[Task] Below is a listing from which only part is wanted; return exactly the lines from the one with "Yoga dametank tanktop (Voorkant)" up to and including the one with "Pure by Pascale".

[Material for this exercise]
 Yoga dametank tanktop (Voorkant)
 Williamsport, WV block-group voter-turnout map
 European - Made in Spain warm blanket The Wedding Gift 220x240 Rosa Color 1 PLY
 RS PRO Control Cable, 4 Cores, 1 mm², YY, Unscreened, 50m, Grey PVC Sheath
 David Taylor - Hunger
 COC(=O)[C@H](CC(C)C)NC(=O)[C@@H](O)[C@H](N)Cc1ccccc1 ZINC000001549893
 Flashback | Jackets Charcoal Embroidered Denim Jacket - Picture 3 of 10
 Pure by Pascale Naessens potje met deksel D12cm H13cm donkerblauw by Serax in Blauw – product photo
* * *
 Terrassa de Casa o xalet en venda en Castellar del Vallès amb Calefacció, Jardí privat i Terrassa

[Result]
 Yoga dametank tanktop (Voorkant)
 Williamsport, WV block-group voter-turnout map
 European - Made in Spain warm blanket The Wedding Gift 220x240 Rosa Color 1 PLY
 RS PRO Control Cable, 4 Cores, 1 mm², YY, Unscreened, 50m, Grey PVC Sheath
 David Taylor - Hunger
 COC(=O)[C@H](CC(C)C)NC(=O)[C@@H](O)[C@H](N)Cc1ccccc1 ZINC000001549893
 Flashback | Jackets Charcoal Embroidered Denim Jacket - Picture 3 of 10
 Pure by Pascale Naessens potje met deksel D12cm H13cm donkerblauw by Serax in Blauw – product photo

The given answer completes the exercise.